_Work instruction_
Retype the lines below exactly, from the one that contains "COEFFICIENT OF CORRELATION" through the last, and leave every picture out.

_Crawled caption data_
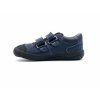 Jonap barefoot dětské kožené tenisky B22 mv SLIM modrá
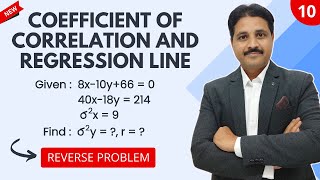 COEFFICIENT OF CORRELATION AND REGRESSION LINE SOLVED PROBLEM 10 IN STATISTICS [upl. by Fessuoy]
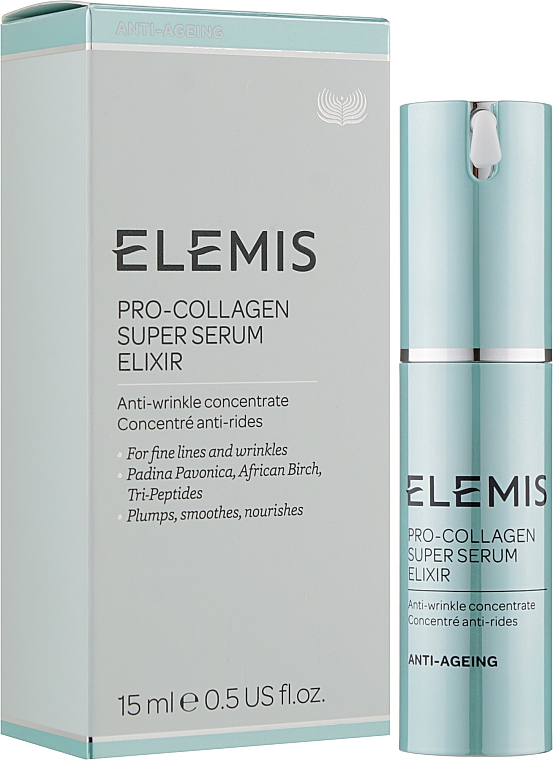 Суперсироватка "Еліксир для обличчя" - Elemis Pro Collagen Super Serum Elixir — фото N2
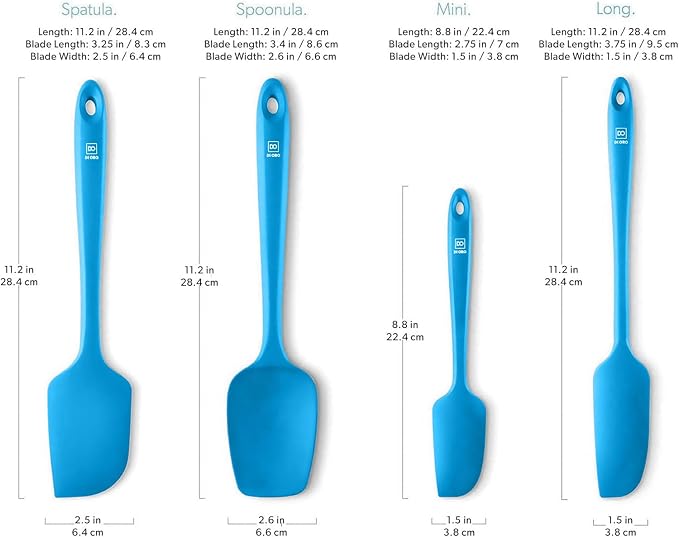 DI ORO Silicone Spatula Set - Image 5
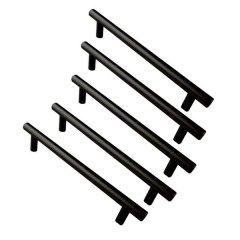 ROCO Cupboard Handle Bar Hollow 160mm x 12mm ( 5 Pack )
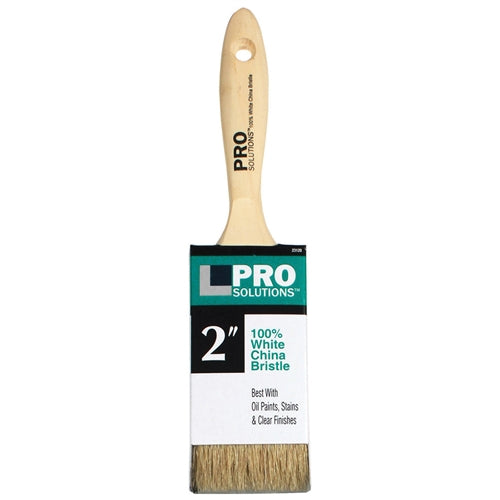 Pro Solutions White China Bristle Flat Beavertail Paint Brush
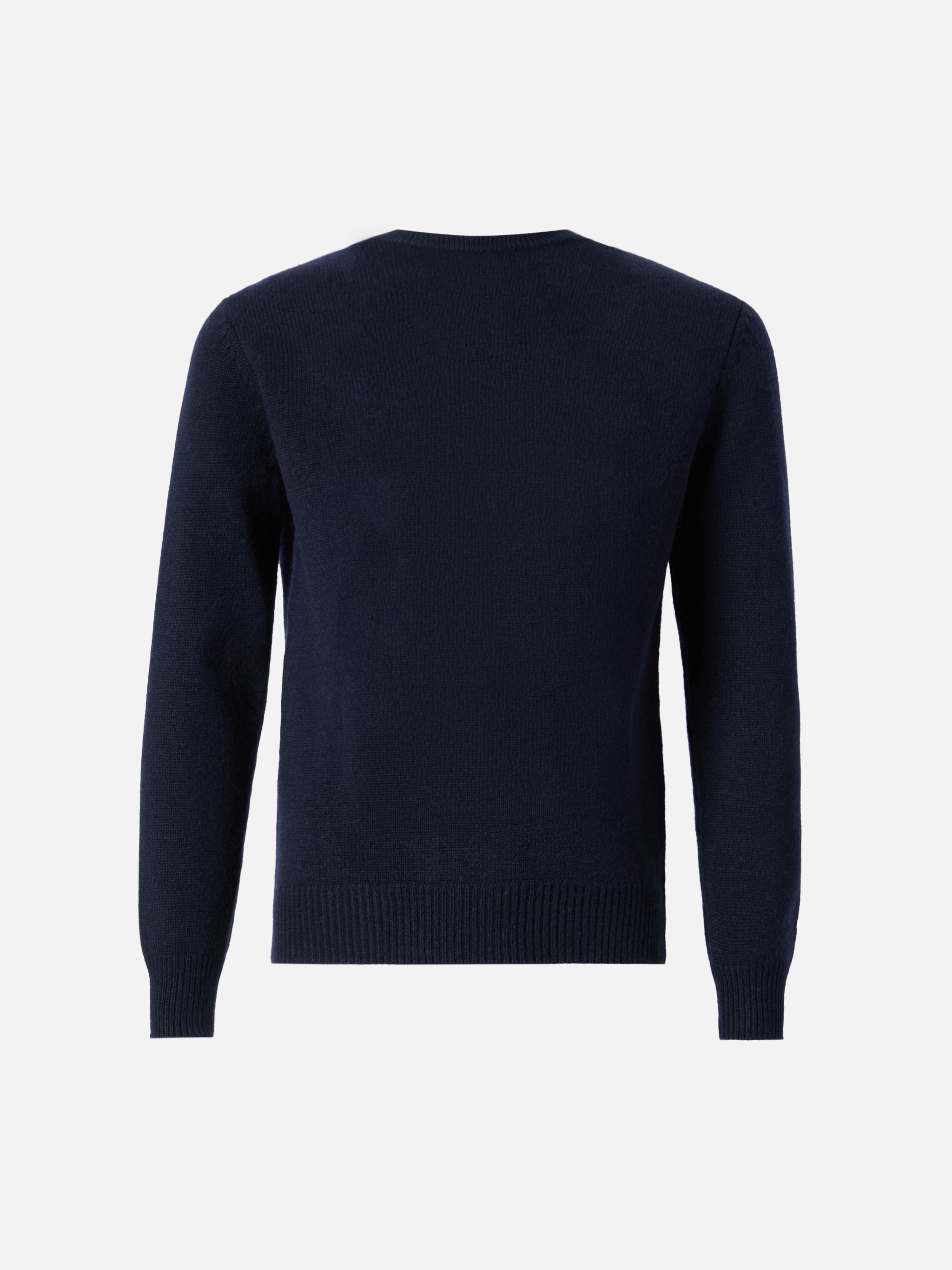Crewneck Douglas Cashmere Blend With Peanuts Jacquard | Special Edition Blue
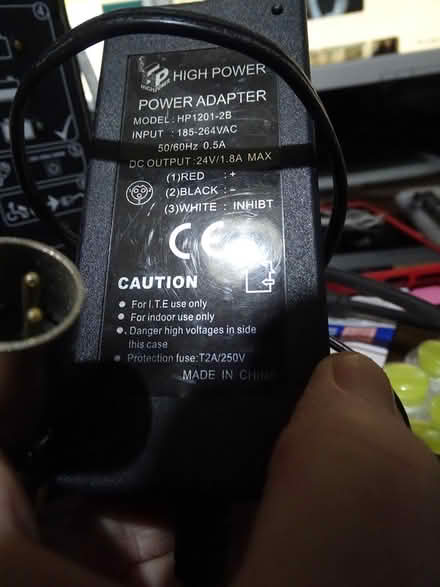 Photo of free Chargers for mobility scooters (Stocksbridge - S36) #2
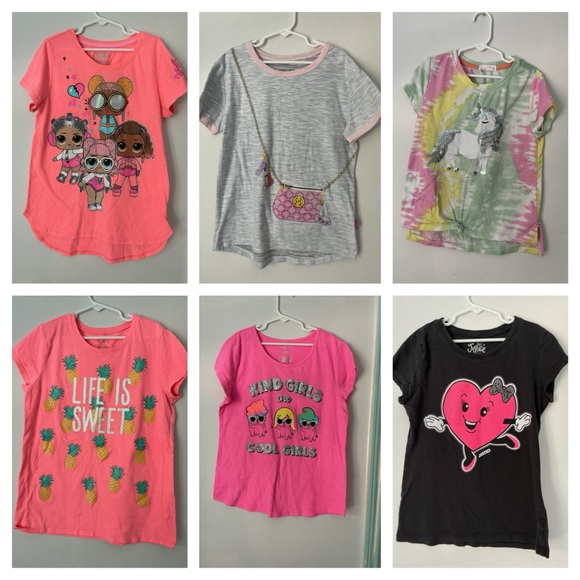 Bundle girls T-Shirt different size 12-16 - Picture 1 of 14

_Response to this exercise_
 COEFFICIENT OF CORRELATION AND REGRESSION LINE SOLVED PROBLEM 10 IN STATISTICS [upl. by Fessuoy]
 Суперсироватка "Еліксир для обличчя" - Elemis Pro Collagen Super Serum Elixir — фото N2
 DI ORO Silicone Spatula Set - Image 5
 ROCO Cupboard Handle Bar Hollow 160mm x 12mm ( 5 Pack )
 Pro Solutions White China Bristle Flat Beavertail Paint Brush
Crewneck Douglas Cashmere Blend With Peanuts Jacquard | Special Edition Blue
 Photo of free Chargers for mobility scooters (Stocksbridge - S36) #2
 Bundle girls T-Shirt different size 12-16 - Picture 1 of 14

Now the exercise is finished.